Parameter-free methods distinguish Wnt pathway models and guide design of experiments

TL;DR

This paper compares existing Wnt pathway models with a new spatial localization model using Bayesian and algebraic methods, revealing a bistable switch and guiding minimal experimental design.

Contribution

Introduces a new mechanistic Wnt model with spatial localization, and applies algebraic and Bayesian methods for model analysis and experimental guidance.

Findings

The new model allows bistability via control of shuttling and degradation.

All models can fit mammalian Wnt signaling data.
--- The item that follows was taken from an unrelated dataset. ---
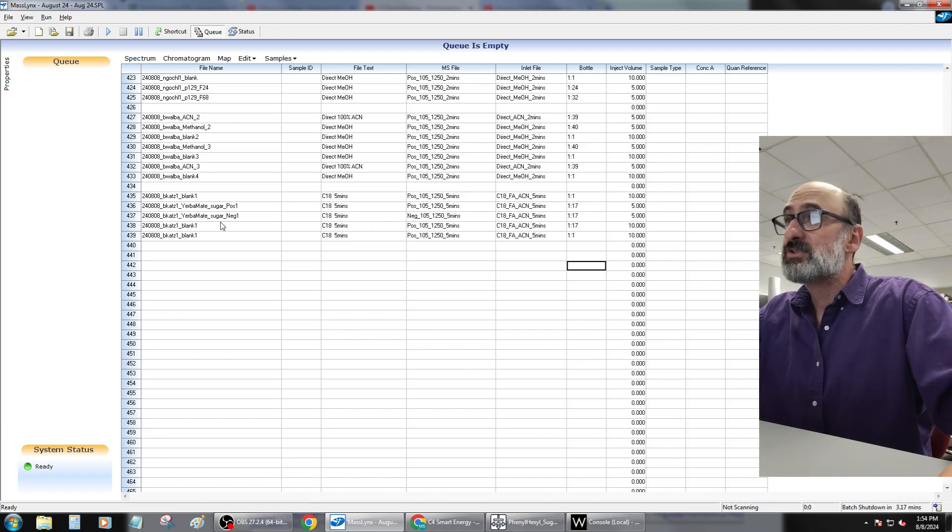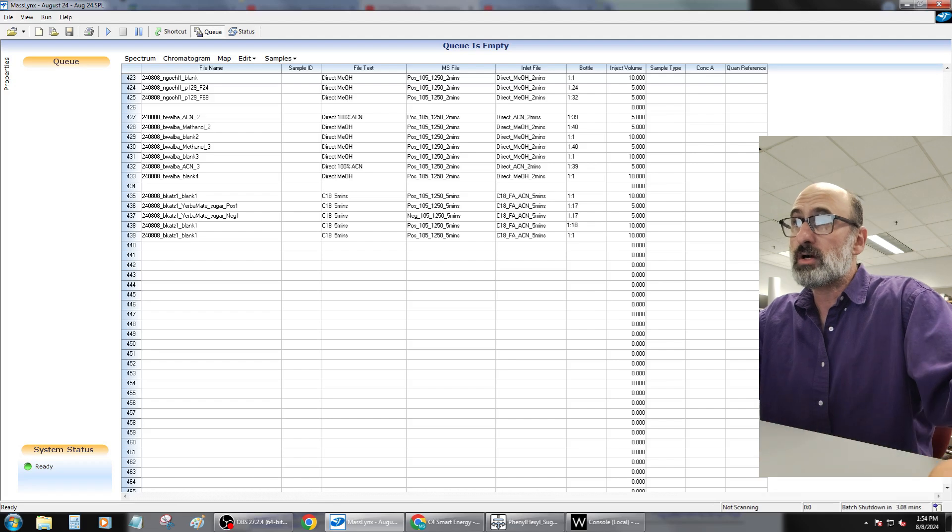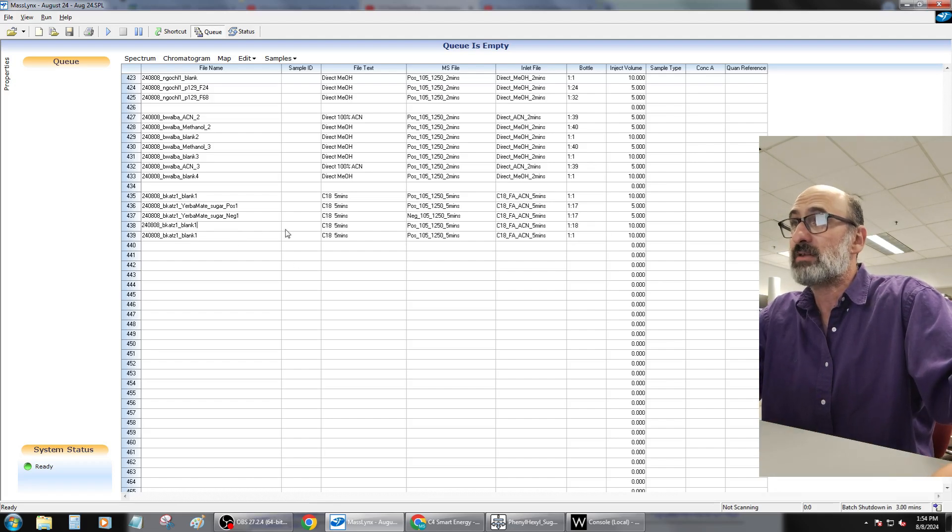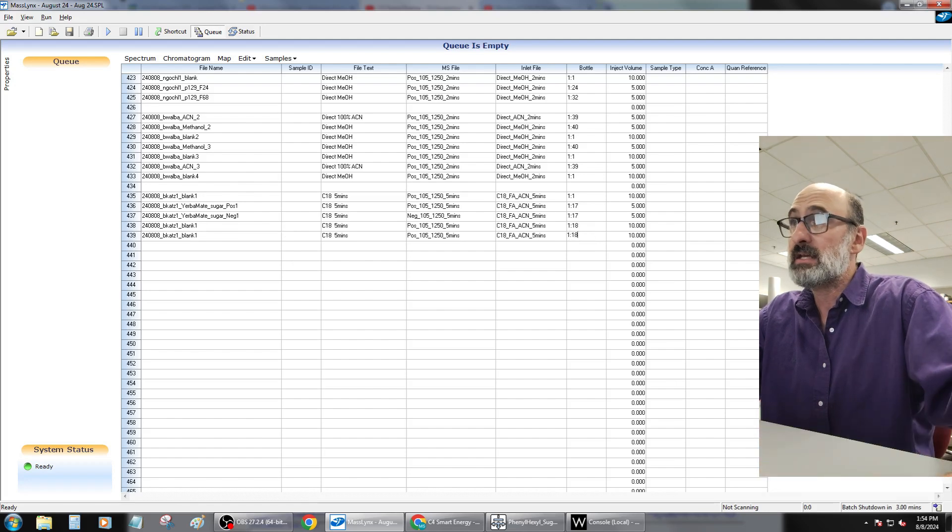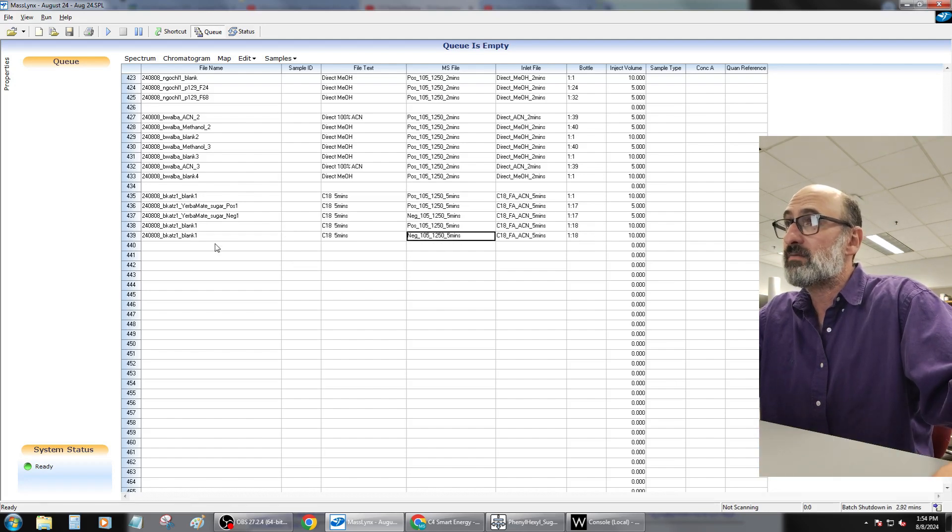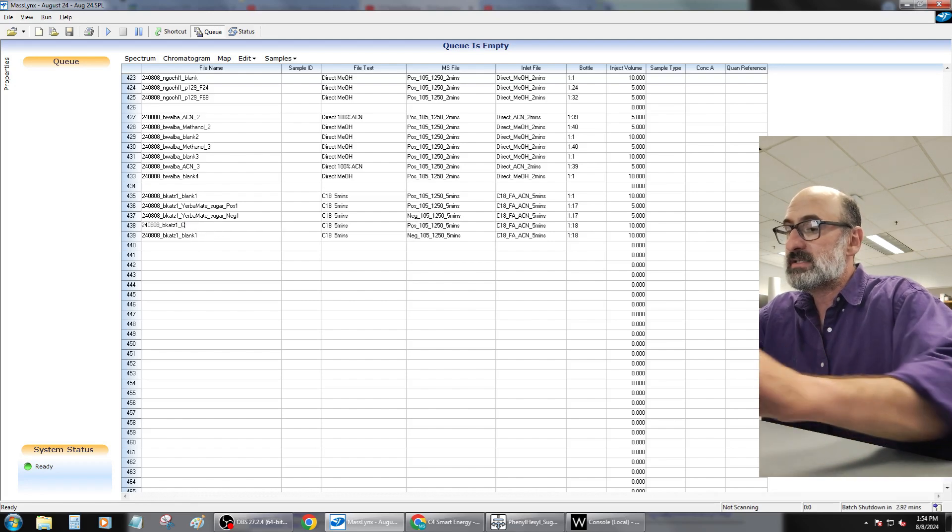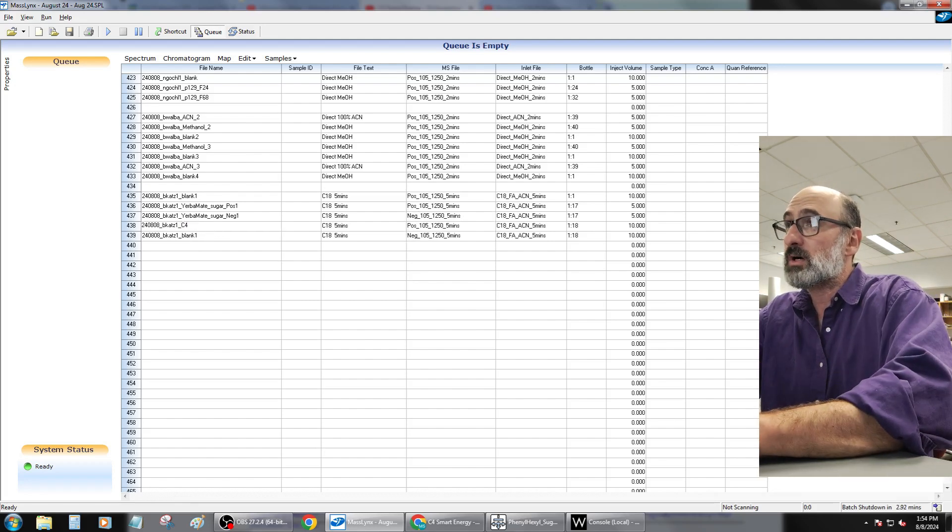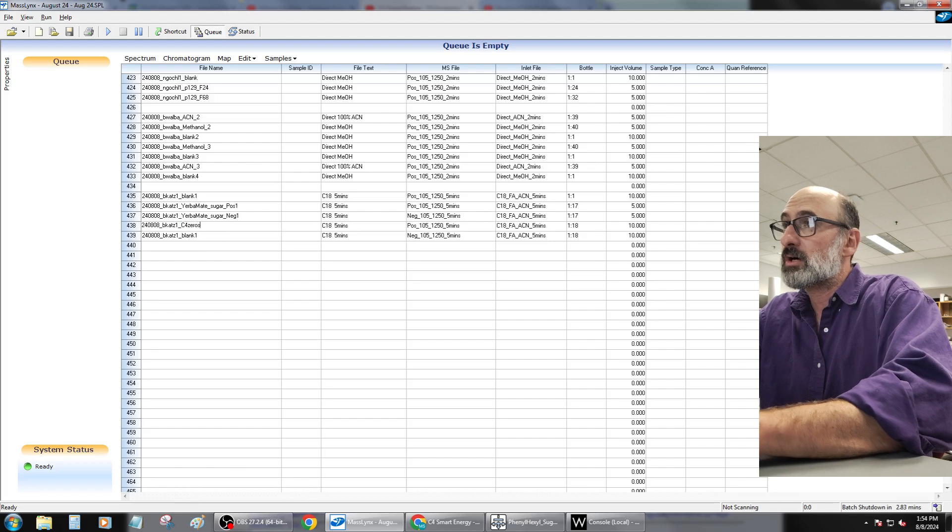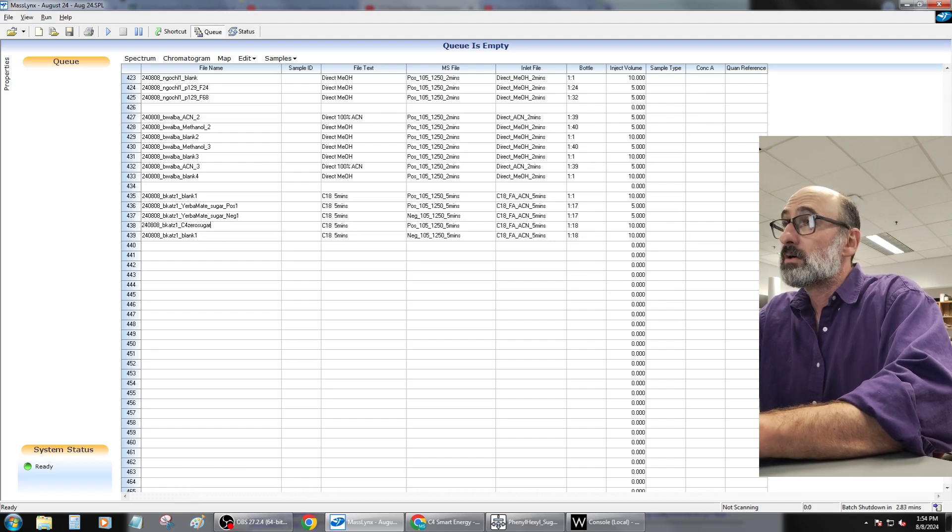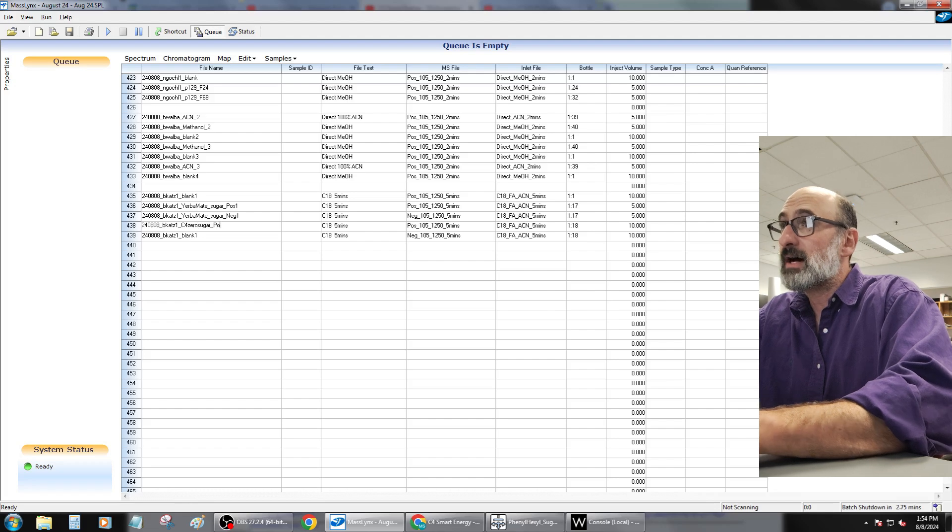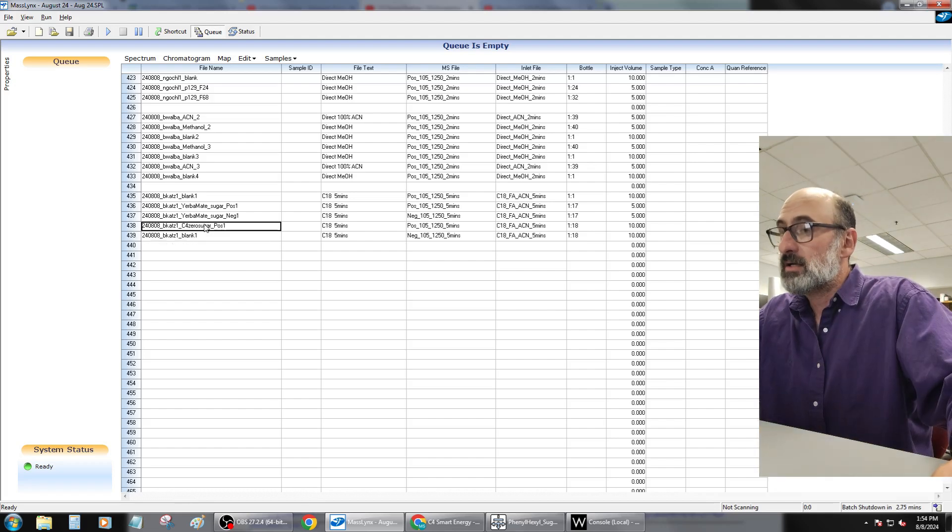Okay, and so those are these two. Then I'm also doing a zero sugar, which you just do a 10x dilution of the zero sugar energy drink—just run it directly. That's in position 18. Again, we're doing both positive mode and negative mode for this one, and this was C4 zero sugar, and this is going to be the positive mode data.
Algebraic methods identify key variables for model discrimination.

Abstract

The canonical Wnt signaling pathway, mediated by $\beta$-catenin, is crucially involved in development, adult stem cell tissue maintenance and a host of diseases including cancer. We undertake analysis of different mathematical models of Wnt from the literature, and compare them to a new mechanistic model of Wnt signaling that targets spatial localization of key molecules. Using Bayesian methods we infer parameters for each of the models to mammalian Wnt signaling data and find that all models can fit this time course. We are able to overcome this lack of data by appealing to algebraic methods (concepts from chemical reaction network theory and matroid theory) to analyze the models without recourse to specific parameter values. These approaches provide insight into Wnt signaling: The new model (unlike any other investigated) permits a bistable switch in the system via control of shuttling and degradation parameters, corresponding to stem-like vs committed cell states in the differentiation hierarchy. Our analysis also identifies groups of variables that must be measured to fully characterize and discriminate between competing models, and thus serves as a guide for performing minimal experiments for model comparison.